Footsteps crunched across the rocks as figures with a lantern approached. It was Madame Blu and Cyrus.
“What o’clock do you think it is? Don’t be dilatory. Tomorrow the curtain will rise. We’ll be celebrated. Bless my soul, yes.”
Gesternte saw the tightness in my mouth as I said goodbye. She said, “You’ll do well. One more bit of advice. If you get in a fight, keep your chin down, use your hands to cover your face, and keep your thumb outside your fist.”
Grateful, I gave her my sketch of the Western meadowlark (Sturnella neglecta) and a bead carrying the image of a whale. I’d found it washed up on the beach close to the port city of Singapore, over the dune from Spookstad. It had struck me as out of place, even though the Great Lakes had its own giant: the sturgeon (Acipenser fulvescens), whose females could live for 150 years, growing to six feet in length.
She held the bead in her hand and looked down at it as if it was a note with small printing. “You found this?”
“Yes, on the shore. Is there something the matter?”
“No. It’s just…” She cleared her throat.
I felt my nose and my powerful arms. Inside, I didn’t feel like a man.
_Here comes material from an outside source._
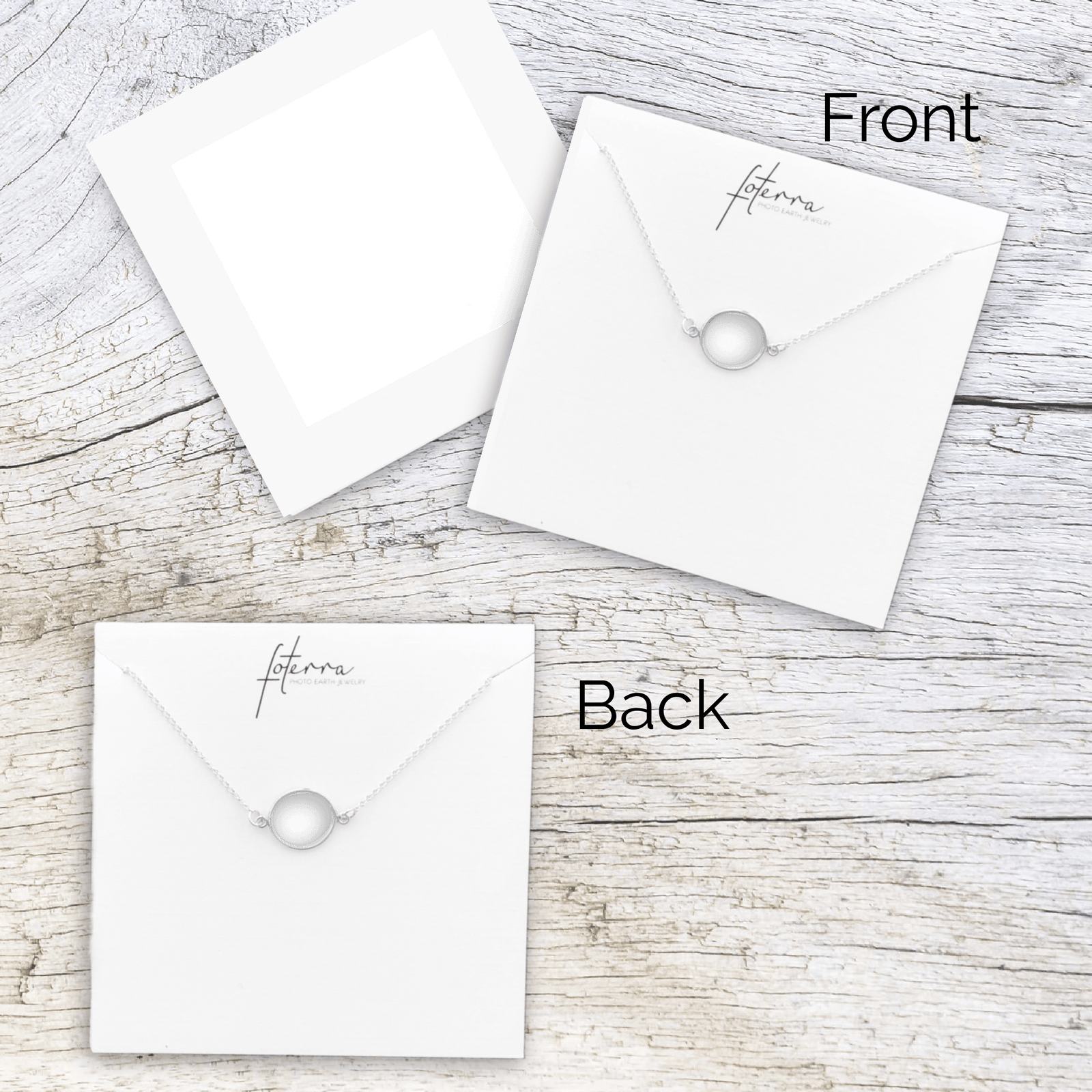 Foterra Jewelry Custom Jewelry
I felt like Clementine, whoever she was.
“Tell me Clementine, what do you seek? I mean, what do you love? What do you need to know more about than anything else?”
I stood up, my legs clumsy and muscular. What was it I wanted from a life of science, besides the beauty of observation and the thrilling potential of discovery? One could, after all, look at many things and discover nothing at all.
“I wish to know the truth.”
The old woman rubbed her nose. “And if there is more than one truth?”
The tonic made me cocky and the altitude left me dizzy. The combination had me soaring. “I wish to know my truth and to live it without fear.”